Exercise instructions: Scan the data below for the string "Used". Copy every line where it appears.

Exercise material:
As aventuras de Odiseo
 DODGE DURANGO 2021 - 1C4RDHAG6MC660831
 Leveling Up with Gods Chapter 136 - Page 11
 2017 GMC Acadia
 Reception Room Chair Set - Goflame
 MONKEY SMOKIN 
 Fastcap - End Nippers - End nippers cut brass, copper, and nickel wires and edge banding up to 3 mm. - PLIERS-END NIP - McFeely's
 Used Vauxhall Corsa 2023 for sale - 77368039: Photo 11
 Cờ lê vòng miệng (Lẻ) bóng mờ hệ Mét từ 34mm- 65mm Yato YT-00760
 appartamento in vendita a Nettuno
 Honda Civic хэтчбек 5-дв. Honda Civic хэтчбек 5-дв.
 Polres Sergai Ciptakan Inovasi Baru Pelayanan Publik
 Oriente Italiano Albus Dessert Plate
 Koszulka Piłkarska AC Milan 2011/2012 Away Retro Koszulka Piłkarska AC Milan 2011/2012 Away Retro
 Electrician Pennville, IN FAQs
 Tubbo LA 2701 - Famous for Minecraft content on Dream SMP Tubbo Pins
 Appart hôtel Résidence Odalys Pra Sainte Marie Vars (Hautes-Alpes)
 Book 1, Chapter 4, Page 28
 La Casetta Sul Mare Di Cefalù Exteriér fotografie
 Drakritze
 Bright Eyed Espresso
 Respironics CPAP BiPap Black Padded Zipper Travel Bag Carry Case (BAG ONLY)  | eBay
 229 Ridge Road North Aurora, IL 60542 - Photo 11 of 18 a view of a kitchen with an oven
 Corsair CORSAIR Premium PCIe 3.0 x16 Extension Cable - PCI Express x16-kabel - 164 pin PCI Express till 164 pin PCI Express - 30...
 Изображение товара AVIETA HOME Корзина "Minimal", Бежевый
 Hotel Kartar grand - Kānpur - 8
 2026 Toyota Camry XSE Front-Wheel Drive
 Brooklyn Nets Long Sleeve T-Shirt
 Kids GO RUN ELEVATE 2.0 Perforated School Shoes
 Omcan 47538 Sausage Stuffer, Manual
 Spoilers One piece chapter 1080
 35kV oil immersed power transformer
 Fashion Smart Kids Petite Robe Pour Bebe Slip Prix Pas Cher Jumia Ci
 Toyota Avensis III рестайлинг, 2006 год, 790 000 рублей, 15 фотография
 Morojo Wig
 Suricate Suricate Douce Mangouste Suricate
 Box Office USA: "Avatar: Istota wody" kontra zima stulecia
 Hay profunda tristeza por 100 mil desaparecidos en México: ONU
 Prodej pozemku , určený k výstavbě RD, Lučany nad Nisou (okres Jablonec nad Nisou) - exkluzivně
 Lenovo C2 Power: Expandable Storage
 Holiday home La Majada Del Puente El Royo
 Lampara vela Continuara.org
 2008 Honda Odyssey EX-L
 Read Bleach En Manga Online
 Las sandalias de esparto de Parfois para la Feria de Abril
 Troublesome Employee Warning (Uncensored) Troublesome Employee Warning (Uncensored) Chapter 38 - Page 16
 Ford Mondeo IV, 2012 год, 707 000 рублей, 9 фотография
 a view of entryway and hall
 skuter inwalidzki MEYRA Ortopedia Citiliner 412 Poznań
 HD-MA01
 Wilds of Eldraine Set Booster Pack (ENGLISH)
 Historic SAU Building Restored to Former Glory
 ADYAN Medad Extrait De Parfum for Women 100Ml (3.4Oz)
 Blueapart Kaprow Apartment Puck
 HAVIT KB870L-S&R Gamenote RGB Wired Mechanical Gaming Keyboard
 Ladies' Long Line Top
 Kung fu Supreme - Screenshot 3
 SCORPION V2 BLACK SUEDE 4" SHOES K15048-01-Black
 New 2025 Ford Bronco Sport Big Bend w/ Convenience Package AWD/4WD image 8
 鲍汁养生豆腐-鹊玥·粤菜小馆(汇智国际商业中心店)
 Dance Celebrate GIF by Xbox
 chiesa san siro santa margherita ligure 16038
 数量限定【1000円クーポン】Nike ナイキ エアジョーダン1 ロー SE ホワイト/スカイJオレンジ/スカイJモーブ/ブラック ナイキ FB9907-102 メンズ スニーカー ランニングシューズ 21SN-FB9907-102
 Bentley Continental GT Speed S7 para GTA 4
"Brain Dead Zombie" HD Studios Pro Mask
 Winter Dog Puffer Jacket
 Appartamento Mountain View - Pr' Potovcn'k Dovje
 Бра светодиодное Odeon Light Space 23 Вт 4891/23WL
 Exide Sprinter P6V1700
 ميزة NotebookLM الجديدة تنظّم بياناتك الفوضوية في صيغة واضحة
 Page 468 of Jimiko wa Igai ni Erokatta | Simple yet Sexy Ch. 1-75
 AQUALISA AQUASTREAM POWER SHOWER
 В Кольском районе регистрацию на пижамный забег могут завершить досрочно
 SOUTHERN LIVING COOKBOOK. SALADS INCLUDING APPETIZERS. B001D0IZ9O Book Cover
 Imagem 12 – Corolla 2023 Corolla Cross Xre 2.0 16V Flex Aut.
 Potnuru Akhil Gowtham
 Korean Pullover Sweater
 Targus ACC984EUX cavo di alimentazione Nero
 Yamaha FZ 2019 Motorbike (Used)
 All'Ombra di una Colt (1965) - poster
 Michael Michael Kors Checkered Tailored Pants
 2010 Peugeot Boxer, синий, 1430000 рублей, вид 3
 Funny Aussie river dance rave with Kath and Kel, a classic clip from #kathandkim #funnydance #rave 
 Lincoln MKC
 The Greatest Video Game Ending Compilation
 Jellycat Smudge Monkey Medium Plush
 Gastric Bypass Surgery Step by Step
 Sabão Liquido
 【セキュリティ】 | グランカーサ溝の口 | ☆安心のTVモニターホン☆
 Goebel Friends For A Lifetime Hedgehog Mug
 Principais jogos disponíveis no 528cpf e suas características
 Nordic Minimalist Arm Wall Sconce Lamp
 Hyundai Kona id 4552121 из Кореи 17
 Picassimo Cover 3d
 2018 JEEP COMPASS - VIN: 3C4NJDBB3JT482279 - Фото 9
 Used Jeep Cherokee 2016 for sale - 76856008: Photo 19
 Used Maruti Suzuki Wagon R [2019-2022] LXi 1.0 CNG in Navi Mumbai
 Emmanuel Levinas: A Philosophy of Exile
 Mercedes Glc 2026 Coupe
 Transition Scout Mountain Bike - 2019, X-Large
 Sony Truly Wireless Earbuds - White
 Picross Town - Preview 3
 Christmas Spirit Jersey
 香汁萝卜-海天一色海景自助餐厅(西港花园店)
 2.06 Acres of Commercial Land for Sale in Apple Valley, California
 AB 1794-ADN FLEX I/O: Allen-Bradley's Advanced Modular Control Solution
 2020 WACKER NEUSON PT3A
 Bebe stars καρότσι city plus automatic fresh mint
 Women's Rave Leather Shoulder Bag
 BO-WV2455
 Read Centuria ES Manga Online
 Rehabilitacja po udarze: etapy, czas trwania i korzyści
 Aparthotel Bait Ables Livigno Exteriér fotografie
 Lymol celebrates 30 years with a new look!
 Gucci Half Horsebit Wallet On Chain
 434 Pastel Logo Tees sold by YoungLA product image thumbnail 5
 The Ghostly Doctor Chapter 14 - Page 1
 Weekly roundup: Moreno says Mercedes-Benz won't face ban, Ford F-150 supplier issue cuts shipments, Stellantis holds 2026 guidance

Answer space:
 Used Vauxhall Corsa 2023 for sale - 77368039: Photo 11
 Yamaha FZ 2019 Motorbike (Used)
 Used Jeep Cherokee 2016 for sale - 76856008: Photo 19
 Used Maruti Suzuki Wagon R [2019-2022] LXi 1.0 CNG in Navi Mumbai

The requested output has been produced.